-- The records follows --

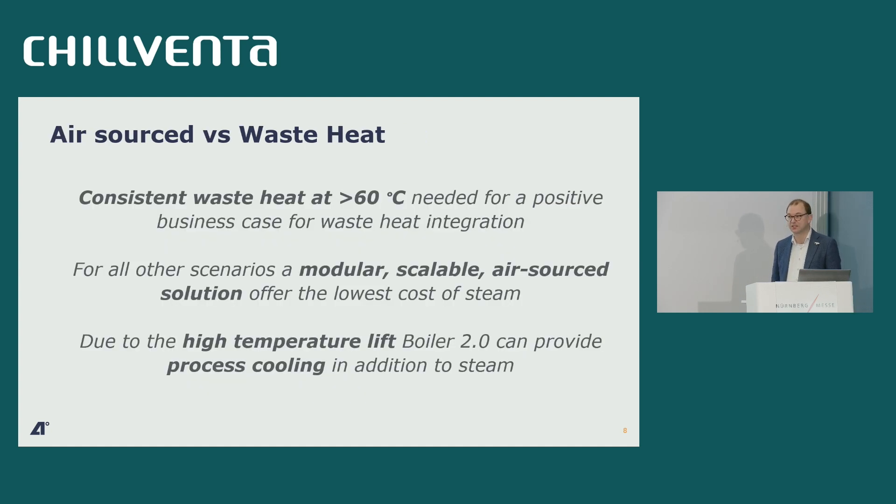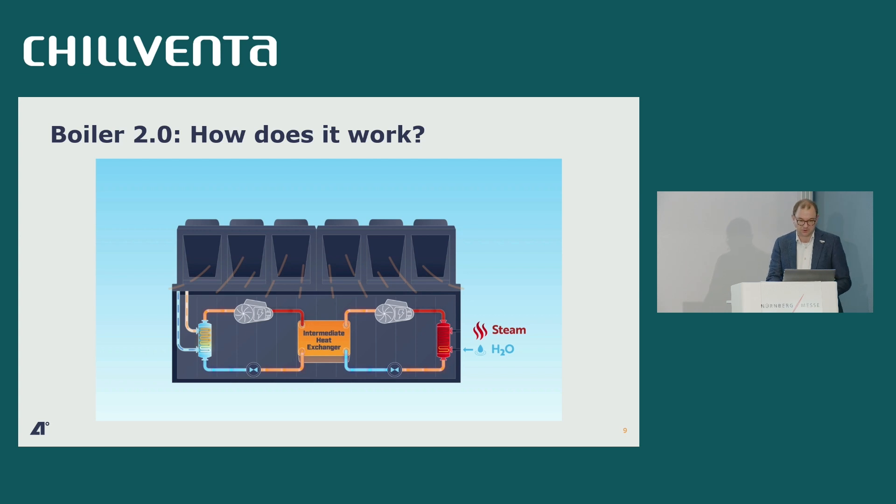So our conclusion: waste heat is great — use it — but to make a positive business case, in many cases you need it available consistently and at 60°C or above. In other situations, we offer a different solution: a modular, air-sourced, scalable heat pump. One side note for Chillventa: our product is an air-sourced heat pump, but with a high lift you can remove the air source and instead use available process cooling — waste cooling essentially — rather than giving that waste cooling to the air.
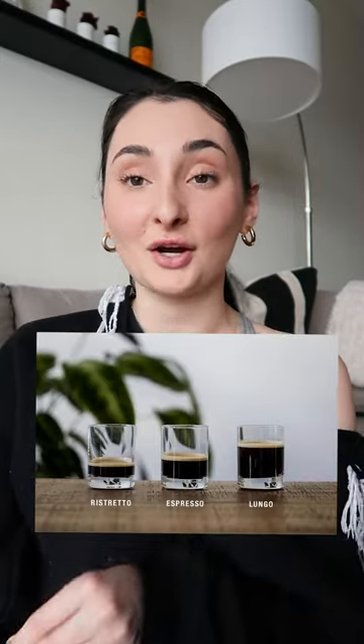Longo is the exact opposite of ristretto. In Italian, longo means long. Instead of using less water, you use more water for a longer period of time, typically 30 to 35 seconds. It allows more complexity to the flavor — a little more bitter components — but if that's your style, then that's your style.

-- The records concluded --
-- The records follows --

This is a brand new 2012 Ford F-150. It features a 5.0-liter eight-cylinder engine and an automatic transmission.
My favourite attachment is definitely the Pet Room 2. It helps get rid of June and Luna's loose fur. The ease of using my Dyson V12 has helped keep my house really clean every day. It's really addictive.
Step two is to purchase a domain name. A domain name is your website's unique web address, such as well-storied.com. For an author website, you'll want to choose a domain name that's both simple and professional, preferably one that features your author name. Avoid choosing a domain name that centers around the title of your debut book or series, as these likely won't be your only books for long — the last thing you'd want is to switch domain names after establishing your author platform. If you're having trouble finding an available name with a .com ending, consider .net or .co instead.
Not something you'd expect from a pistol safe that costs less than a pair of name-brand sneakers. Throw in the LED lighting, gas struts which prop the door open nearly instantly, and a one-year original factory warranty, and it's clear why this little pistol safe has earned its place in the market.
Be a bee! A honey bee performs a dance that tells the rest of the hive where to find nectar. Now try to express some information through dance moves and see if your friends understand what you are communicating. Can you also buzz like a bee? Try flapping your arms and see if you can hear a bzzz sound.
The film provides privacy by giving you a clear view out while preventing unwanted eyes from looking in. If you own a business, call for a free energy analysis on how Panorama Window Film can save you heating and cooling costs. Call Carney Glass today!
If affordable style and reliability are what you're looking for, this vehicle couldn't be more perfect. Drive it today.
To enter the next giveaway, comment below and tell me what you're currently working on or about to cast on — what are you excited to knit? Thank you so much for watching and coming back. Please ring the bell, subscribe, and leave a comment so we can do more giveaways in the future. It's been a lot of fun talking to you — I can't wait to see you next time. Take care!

-- The records concluded --
-- The records follows --

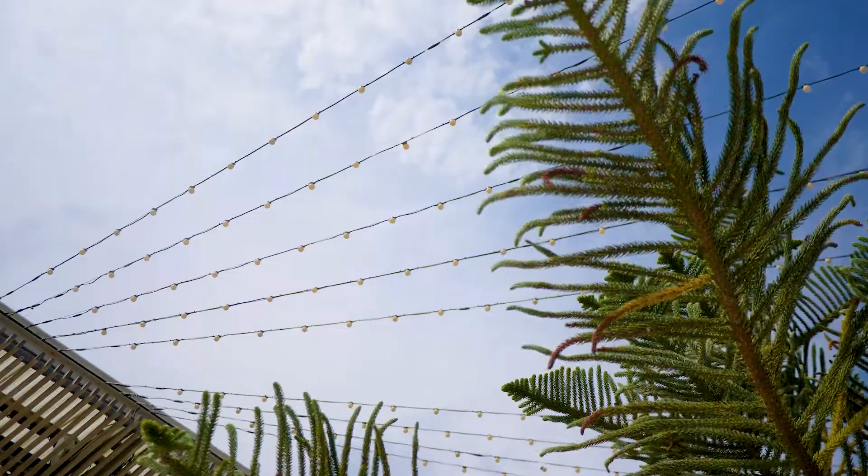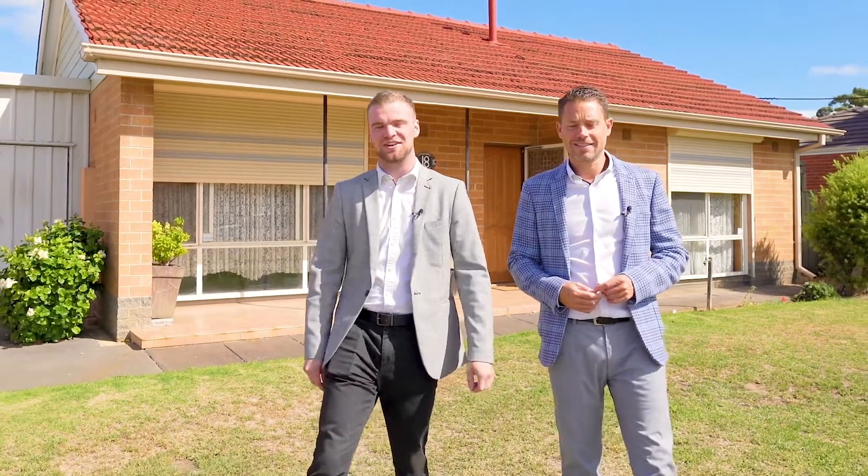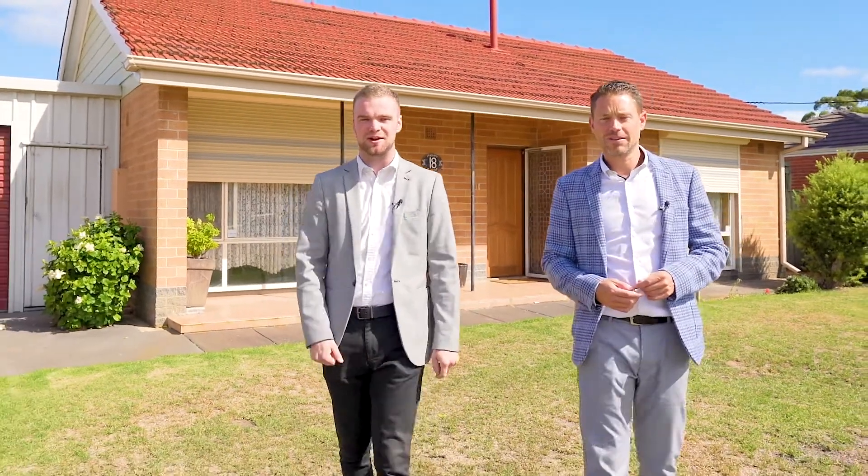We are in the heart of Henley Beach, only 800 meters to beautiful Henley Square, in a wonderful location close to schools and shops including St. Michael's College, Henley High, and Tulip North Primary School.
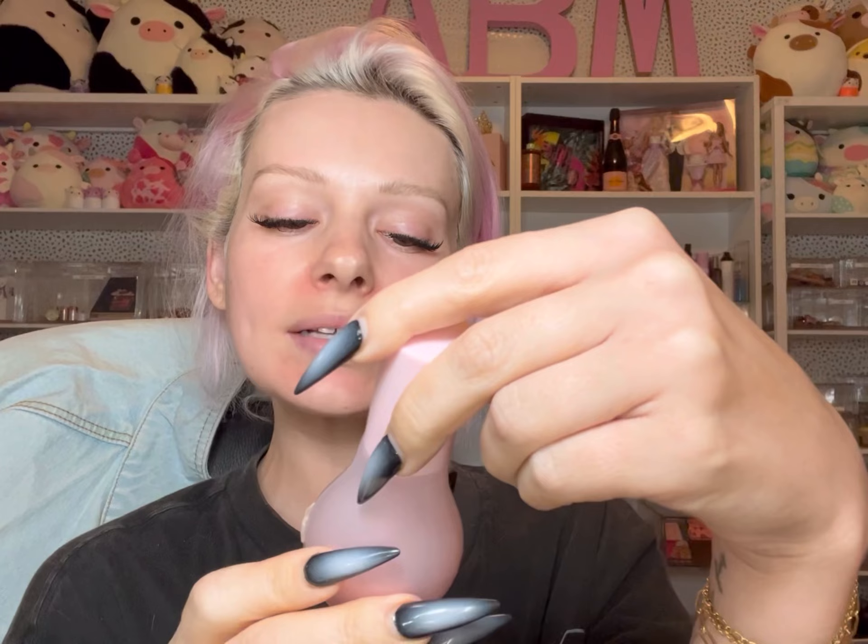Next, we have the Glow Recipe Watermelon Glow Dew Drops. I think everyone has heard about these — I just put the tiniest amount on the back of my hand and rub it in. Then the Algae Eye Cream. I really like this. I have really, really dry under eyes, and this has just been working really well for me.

-- The records concluded --

The problem:
Using the data above, reproduce exactly the lines from the line that contains "This is a brand" through the line that contains "My favourite attachment", including both.

Exercise output:
This is a brand new 2012 Ford F-150. It features a 5.0-liter eight-cylinder engine and an automatic transmission.
My favourite attachment is definitely the Pet Room 2. It helps get rid of June and Luna's loose fur. The ease of using my Dyson V12 has helped keep my house really clean every day. It's really addictive.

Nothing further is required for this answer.